The challenges of clinical trials in fragile X syndrome

• Published in: Psychopharmacology Vol. 231; no. 6; pp. 1237 - 1250
• Main Authors: Jacquemont, Sébastien, Berry-Kravis, Elizabeth, Hagerman, Randi, von Raison, Florian, Gasparini, Fabrizio, Apostol, George, Ufer, Mike, Des Portes, Vincent, Gomez-Mancilla, Baltazar
• Format: Journal Article
• Language: English
• Published: Berlin/Heidelberg Springer Berlin Heidelberg 01.03.2014; Springer; Springer Nature B.V; Springer Verlag
• Subjects: Analysis; Animals; Autism; Biomedical and Life Sciences; Biomedicine; Care and treatment; Child Development Disorders, Pervasive - drug therapy; Child Development Disorders, Pervasive - physiopathology; Clinical trials; Clinical Trials as Topic - methods; Cognitive science; Developmental disabilities; Diagnosis; Fragile X syndrome; Fragile X Syndrome - diagnosis; Fragile X Syndrome - drug therapy; Fragile X Syndrome - genetics; Fragile X Syndrome - physiopathology; GABA; Genetic aspects; Genetic disorders; Humans; Methylation; Neurosciences; Pharmacology/Toxicology; Phenotype; Psychiatry; Psychopharmacology; Review; FMRP; Disease modification; Mavoglurant; GABA; Fragile X syndrome; mGluR5; Arbaclofen; Autism spectrum disorder; AFQ056
• ISSN: 0033-3158; 1432-2072
• DOI: 10.1007/s00213-013-3289-0

Rationale Advances in understanding the underlying mechanisms of conditions such as fragile X syndrome (FXS) and autism spectrum disorders have revealed heterogeneous populations.
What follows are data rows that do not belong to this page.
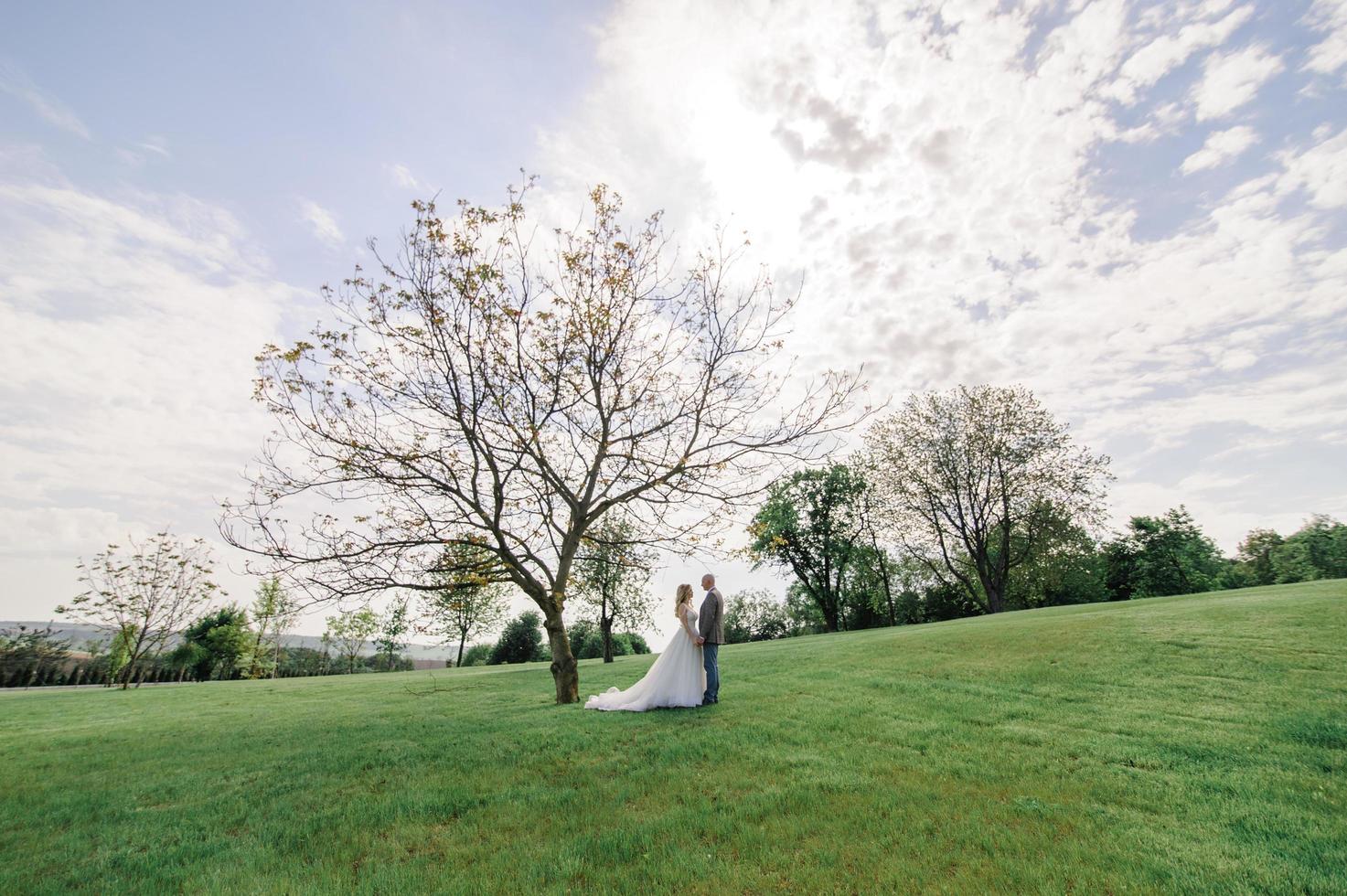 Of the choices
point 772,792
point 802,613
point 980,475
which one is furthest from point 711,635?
point 802,613

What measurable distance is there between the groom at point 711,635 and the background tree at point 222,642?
5650cm

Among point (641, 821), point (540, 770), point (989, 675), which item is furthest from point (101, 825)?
point (989, 675)

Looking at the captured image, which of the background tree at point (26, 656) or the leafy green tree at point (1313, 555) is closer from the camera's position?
the background tree at point (26, 656)

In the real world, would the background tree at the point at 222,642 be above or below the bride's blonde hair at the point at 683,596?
above

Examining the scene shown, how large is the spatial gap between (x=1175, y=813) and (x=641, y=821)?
568 cm

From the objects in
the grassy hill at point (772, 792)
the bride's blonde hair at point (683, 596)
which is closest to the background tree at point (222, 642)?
the grassy hill at point (772, 792)

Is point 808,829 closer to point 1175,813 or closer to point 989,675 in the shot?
point 1175,813

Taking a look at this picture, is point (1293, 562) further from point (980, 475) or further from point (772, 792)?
point (772, 792)

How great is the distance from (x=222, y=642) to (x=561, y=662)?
5322 centimetres

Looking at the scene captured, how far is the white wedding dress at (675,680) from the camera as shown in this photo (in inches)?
510

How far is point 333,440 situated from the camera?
12.9 metres

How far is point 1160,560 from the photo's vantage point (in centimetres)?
5862

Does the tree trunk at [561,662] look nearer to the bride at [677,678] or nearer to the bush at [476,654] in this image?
the bride at [677,678]

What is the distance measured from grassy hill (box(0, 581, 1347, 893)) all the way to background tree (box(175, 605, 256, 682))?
45902mm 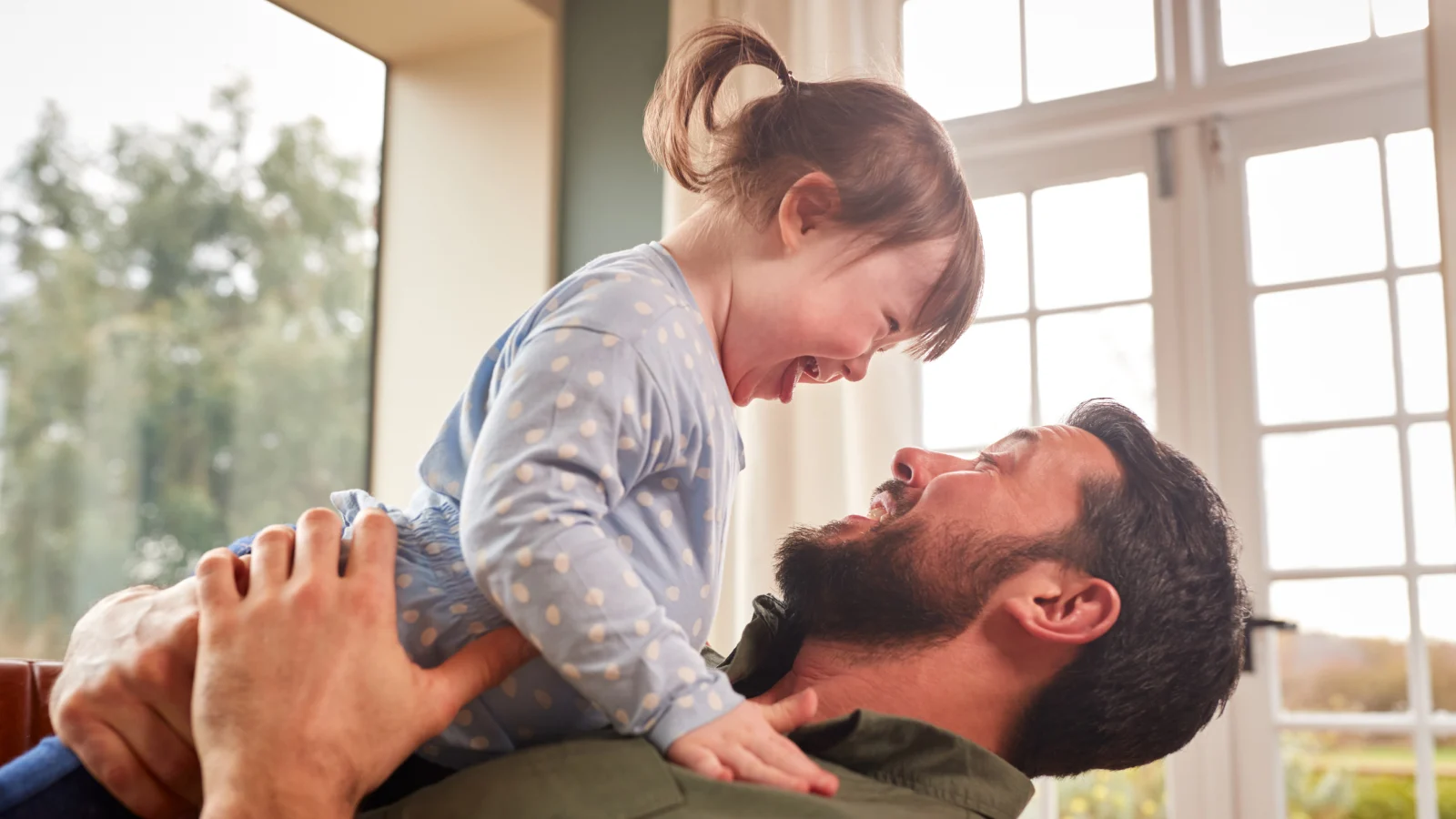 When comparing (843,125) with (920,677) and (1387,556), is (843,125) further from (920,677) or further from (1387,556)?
(1387,556)

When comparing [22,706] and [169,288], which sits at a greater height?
[169,288]

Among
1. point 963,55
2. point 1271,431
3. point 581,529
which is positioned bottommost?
point 581,529

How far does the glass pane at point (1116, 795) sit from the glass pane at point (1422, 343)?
3.27 feet

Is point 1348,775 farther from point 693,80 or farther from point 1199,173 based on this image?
point 693,80

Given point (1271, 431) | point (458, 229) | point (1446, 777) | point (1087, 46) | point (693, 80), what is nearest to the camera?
point (693, 80)

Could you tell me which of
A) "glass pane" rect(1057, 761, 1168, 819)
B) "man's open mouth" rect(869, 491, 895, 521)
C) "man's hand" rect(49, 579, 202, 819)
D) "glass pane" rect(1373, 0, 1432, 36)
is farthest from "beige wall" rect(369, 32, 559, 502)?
"man's hand" rect(49, 579, 202, 819)

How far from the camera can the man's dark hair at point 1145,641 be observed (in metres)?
1.41

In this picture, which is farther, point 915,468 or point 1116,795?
point 1116,795

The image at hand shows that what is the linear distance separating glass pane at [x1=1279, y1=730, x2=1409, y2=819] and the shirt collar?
1908mm

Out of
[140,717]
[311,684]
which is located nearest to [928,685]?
[311,684]

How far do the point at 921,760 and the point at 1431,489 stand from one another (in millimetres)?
2069

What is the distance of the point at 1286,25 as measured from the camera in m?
2.99

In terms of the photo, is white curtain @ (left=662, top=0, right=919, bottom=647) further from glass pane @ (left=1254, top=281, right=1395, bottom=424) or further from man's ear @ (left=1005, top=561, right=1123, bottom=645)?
man's ear @ (left=1005, top=561, right=1123, bottom=645)

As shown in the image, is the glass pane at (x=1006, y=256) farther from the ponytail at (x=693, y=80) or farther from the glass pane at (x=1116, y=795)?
the ponytail at (x=693, y=80) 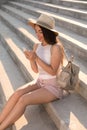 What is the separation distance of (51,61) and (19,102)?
0.57 metres

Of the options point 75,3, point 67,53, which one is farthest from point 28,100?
point 75,3

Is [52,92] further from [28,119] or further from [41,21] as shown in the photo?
[41,21]

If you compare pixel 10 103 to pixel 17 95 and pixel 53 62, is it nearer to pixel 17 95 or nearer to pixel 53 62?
pixel 17 95

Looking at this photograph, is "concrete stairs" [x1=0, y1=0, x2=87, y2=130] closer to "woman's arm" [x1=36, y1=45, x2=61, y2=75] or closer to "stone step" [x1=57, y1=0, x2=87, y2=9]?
"stone step" [x1=57, y1=0, x2=87, y2=9]

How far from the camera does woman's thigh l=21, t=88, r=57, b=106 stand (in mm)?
3150

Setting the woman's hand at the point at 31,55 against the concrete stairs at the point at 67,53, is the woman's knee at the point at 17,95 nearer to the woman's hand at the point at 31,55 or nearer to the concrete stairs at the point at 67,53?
the concrete stairs at the point at 67,53

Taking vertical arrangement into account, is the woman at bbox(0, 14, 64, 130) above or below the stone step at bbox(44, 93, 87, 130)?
above

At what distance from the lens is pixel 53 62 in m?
3.15

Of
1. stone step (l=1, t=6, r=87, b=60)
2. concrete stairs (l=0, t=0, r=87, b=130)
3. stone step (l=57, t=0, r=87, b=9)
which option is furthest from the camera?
stone step (l=57, t=0, r=87, b=9)

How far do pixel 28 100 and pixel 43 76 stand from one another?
355 millimetres

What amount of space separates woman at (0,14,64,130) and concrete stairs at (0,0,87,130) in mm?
132

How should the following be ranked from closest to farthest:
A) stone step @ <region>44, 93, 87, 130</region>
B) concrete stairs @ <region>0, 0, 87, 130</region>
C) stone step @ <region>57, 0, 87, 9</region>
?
stone step @ <region>44, 93, 87, 130</region> < concrete stairs @ <region>0, 0, 87, 130</region> < stone step @ <region>57, 0, 87, 9</region>

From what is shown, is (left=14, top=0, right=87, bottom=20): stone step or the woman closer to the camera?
the woman

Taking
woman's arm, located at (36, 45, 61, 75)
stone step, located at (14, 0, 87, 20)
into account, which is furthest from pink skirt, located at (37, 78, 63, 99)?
stone step, located at (14, 0, 87, 20)
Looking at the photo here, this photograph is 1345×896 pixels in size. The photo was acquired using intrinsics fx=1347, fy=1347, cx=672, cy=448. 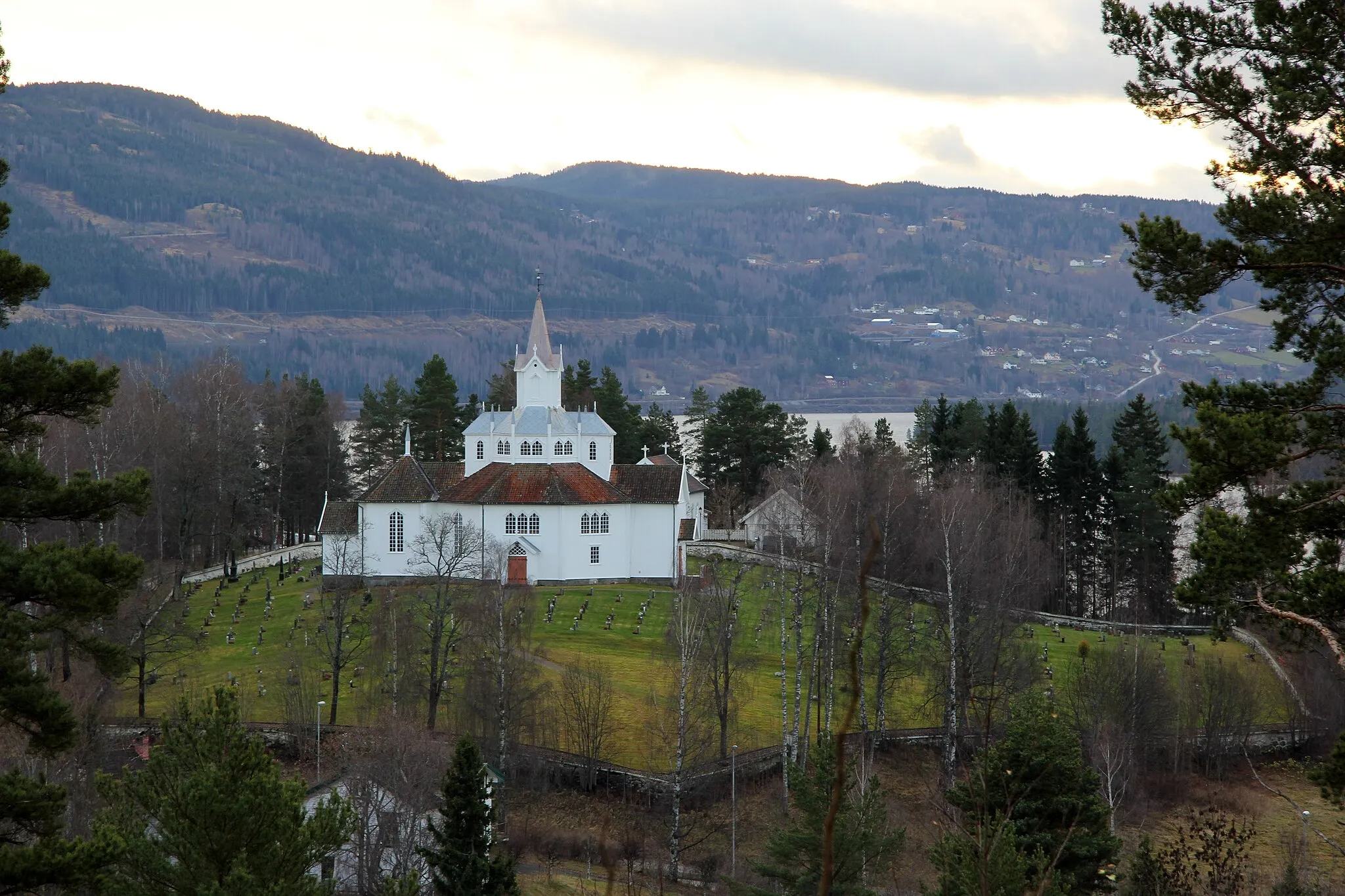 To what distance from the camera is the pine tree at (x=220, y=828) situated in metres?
14.3

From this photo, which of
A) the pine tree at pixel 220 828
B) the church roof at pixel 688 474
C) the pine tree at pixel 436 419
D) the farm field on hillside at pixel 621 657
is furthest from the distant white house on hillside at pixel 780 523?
the pine tree at pixel 220 828

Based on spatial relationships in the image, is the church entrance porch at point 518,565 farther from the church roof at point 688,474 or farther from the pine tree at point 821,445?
the pine tree at point 821,445

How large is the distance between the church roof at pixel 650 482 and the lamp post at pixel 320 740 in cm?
2314

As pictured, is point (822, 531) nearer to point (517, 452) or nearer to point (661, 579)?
point (661, 579)

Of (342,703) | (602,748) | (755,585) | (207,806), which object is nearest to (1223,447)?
(207,806)

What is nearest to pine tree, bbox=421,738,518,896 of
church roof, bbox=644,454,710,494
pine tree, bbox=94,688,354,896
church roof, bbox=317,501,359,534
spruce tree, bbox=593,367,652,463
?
pine tree, bbox=94,688,354,896

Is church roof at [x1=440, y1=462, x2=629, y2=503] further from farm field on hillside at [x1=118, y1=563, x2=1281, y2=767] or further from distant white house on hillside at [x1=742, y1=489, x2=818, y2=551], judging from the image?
distant white house on hillside at [x1=742, y1=489, x2=818, y2=551]

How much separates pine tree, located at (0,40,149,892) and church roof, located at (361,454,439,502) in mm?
45369

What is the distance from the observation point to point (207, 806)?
1439 cm

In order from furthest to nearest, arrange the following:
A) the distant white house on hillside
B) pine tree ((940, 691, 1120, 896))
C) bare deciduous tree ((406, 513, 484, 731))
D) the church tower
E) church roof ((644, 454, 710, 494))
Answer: church roof ((644, 454, 710, 494)) < the church tower < the distant white house on hillside < bare deciduous tree ((406, 513, 484, 731)) < pine tree ((940, 691, 1120, 896))

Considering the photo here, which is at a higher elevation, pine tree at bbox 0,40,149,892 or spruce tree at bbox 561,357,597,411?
spruce tree at bbox 561,357,597,411

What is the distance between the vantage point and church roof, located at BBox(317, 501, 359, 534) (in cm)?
5931

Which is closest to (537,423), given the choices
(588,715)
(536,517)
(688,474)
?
(536,517)

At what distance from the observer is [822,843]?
2253 centimetres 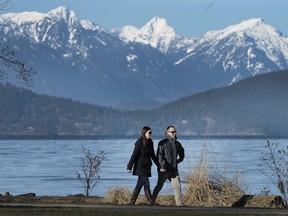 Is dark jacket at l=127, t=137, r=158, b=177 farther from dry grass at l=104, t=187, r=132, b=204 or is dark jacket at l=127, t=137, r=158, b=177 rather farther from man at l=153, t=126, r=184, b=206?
dry grass at l=104, t=187, r=132, b=204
Recent trials of novel FXS therapies have highlighted several challenges including subpopulations with possibly differential therapeutic responses, the lack of specific outcome measures capturing the full range of improvements of patients with FXS, and a lack of biomarkers that can track whether a specific mechanism is responsive to a new drug and whether the response correlates with clinical improvement. Objectives We review the phenotypic heterogeneity of FXS and the implications for clinical research in FXS and other neurodevelopmental disorders. Results Residual levels of fragile X mental retardation protein (FMRP) expression explain in part the heterogeneity in the FXS phenotype; studies indicate a correlation with both cognitive and behavioral deficits. However, this does not fully explain the extent of phenotypic variance observed or the variability of drug response. Post hoc analyses of studies involving the selective mGluR5 antagonist mavoglurant and the GABA B agonist arbaclofen have uncovered significant therapeutic responses following patient stratification according to FMR1 promoter methylation patterns or baseline severity of social withdrawal, respectively. Future studies designed to quantify disease modification will need to develop new strategies to track changes effectively over time and in multiple symptom domains. Conclusion Appropriate selection of patients and outcome measures is central to optimizing future clinical investigations of these complex disorders.